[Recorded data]
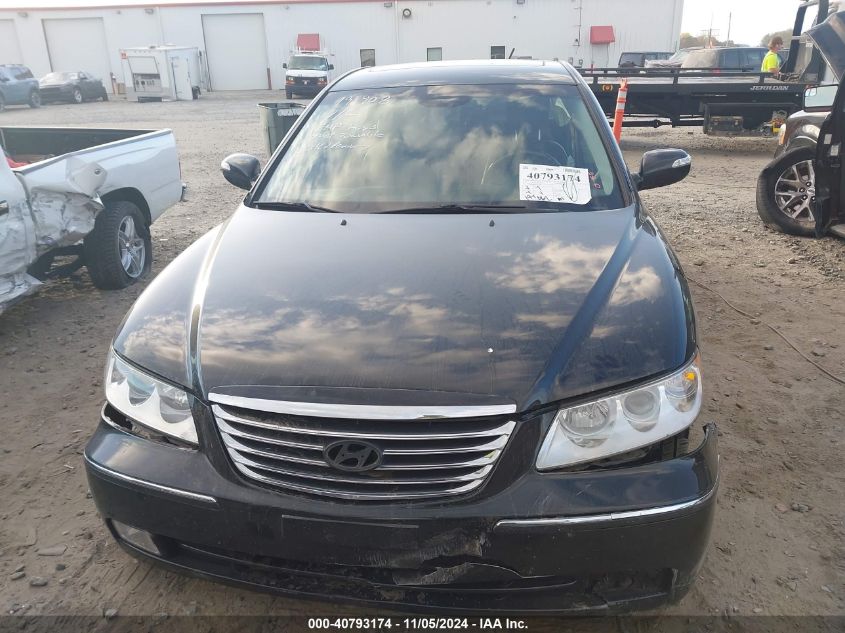 2009 Hyundai Azera Limited VIN: KMHFC46F59A380833 Lot: 40793174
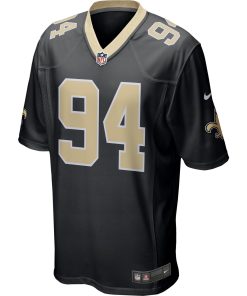 Alternative view of Cameron Jordan New Orleans Saints Nike Game Jersey – Black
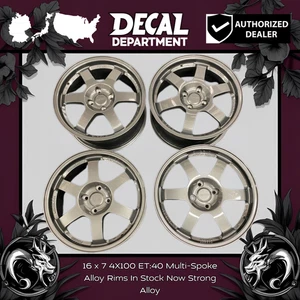 4PCS 16 x 7 4x100 ET:40 CB:73.1 Aftermarket Wheels Free Shipping Fits Toyota - Bild 1 von 1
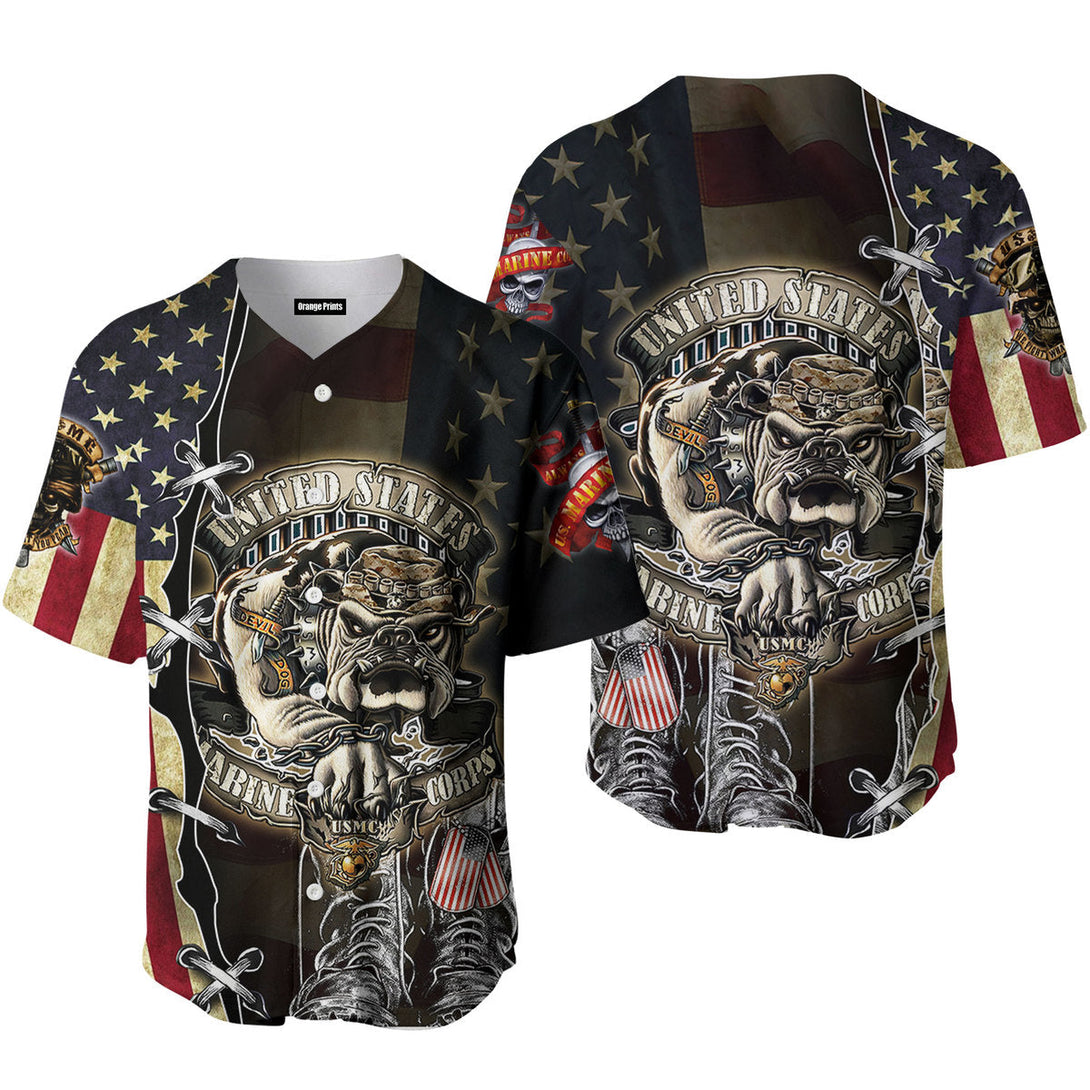 Proud United States Marine Corps Baseball Jersey For Men & Women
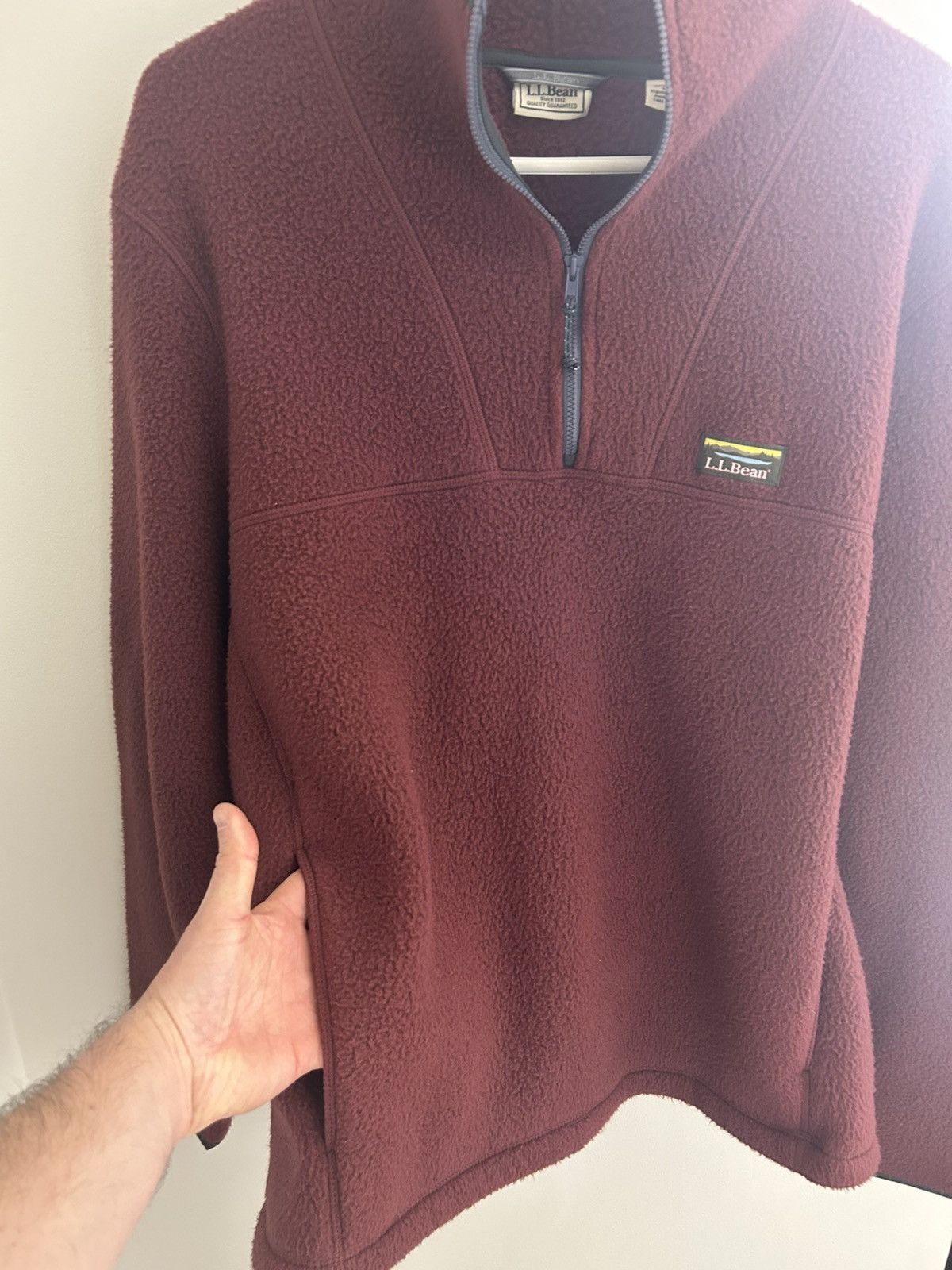 L.L. Bean L.L. Bean Men's Katahdin Fleece Pullover Jacket Large NWOT Size US L / EU 52-54 / 3 - 4 Thumbnail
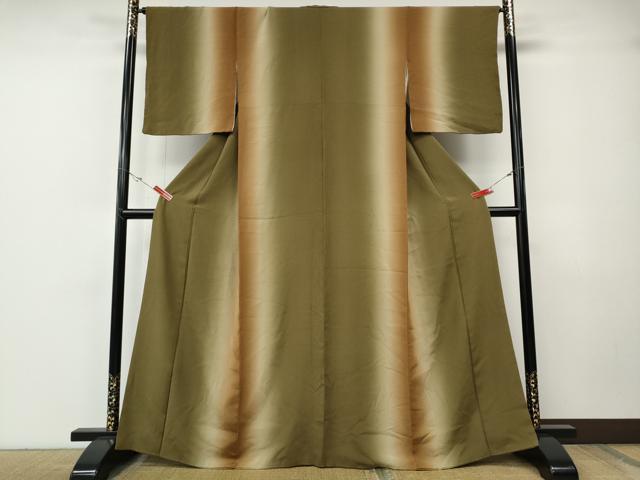 平和屋着物▼上質な小紋 霞間道 暈し染め 正絹 逸品 CABF3204ut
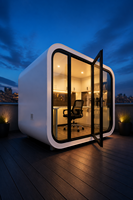 Bureau de jardin préfabriqué prêt à l'emploi, mini-bureau de jardin, cabine de jardin modulaire, pièce de jardin modulaire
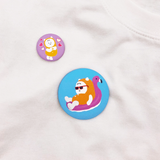  Huy hiệu cài áo Moni đáng yêu 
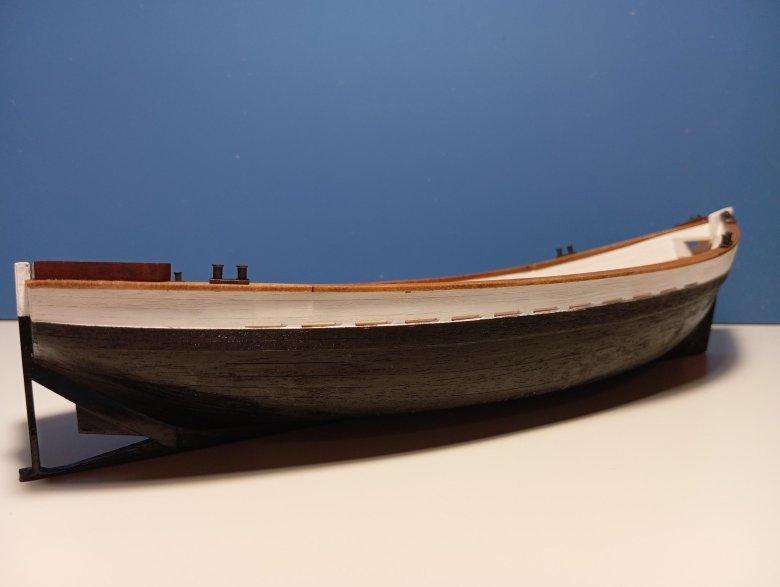 Сборная модель шлюпка ял-6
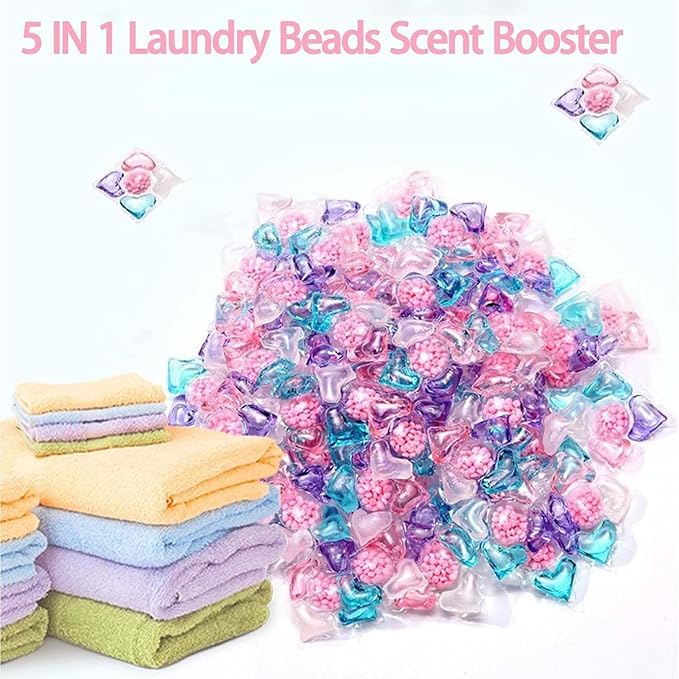 Washing Machine Pods - Hundred Count Scented Stain Removal Concentrated Fabric Softener Color Protection Clothes For Pant Towel Sweater Bedding Underwear Deep Clean Laundry Detergent Pack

#### [Task requirements]
Leaving the pictures behind, return every line above exactly.

#### [Expected output]
 2009 Hyundai Azera Limited VIN: KMHFC46F59A380833 Lot: 40793174
 Alternative view of Cameron Jordan New Orleans Saints Nike Game Jersey – Black
 4PCS 16 x 7 4x100 ET:40 CB:73.1 Aftermarket Wheels Free Shipping Fits Toyota - Bild 1 von 1
 Proud United States Marine Corps Baseball Jersey For Men & Women
 L.L. Bean L.L. Bean Men's Katahdin Fleece Pullover Jacket Large NWOT Size US L / EU 52-54 / 3 - 4 Thumbnail
 平和屋着物▼上質な小紋 霞間道 暈し染め 正絹 逸品 CABF3204ut
 Bureau de jardin préfabriqué prêt à l'emploi, mini-bureau de jardin, cabine de jardin modulaire, pièce de jardin modulaire
  Huy hiệu cài áo Moni đáng yêu 
 Сборная модель шлюпка ял-6
 Washing Machine Pods - Hundred Count Scented Stain Removal Concentrated Fabric Softener Color Protection Clothes For Pant Towel Sweater Bedding Underwear Deep Clean Laundry Detergent Pack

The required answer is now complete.